Bukovina had belonged to the Romanian principality of Moldavia until 1774, when it was occupied by the Habsburg monarchy. It would not be until 1918 when the region would join Romania, but in 1940, Northern Bukovina, together with Bessarabia, was forcibly ceded to the Soviet Union.

Holiday proposal
The day was promulgated as a public holiday by Law No. 250/2015 by the President of Romania, Klaus Iohannis, on 28 October 2015. The Senate of Romania had already accepted the proposal on 2 October 2013, while the Chamber of Deputies approved it only on 7 October 2015. The proposal was initiated by the deputy .

Observance
During the Bukovina Day, local authorities and public institutions, who may be given a budget, are allowed to organize cultural and scientific events.
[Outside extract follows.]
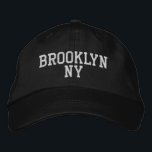Casquette Brodée BROOKLYN NY Blanc simple sur noir<br><div class="desc">BROOKLYN NY Minimaliste brodé blanc sur casquette de coton noir. La broderie blanche est personnalisable à d'autres choix de couleurs en sélectionnant le bouton "Modifier la conception". Vous pouvez également choisir la couleur du casquette sur la page principale de l'article.</div>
The day is celebrated by the local authorities and population of various cities, towns and villages mostly in the Romanian part of Bukovina, such as Rădăuți, Suceava, Putna Vatra Dornei, and Câmpulung Moldovenesc, but also in Chernivtsi, in Ukraine. However, the day is also celebrated in other parts of Romania; in 2019, the city of Bacău organized a cultural event together with ethnic Romanian teachers and students from Northern Bukovina, the Ukrainian part of the territory.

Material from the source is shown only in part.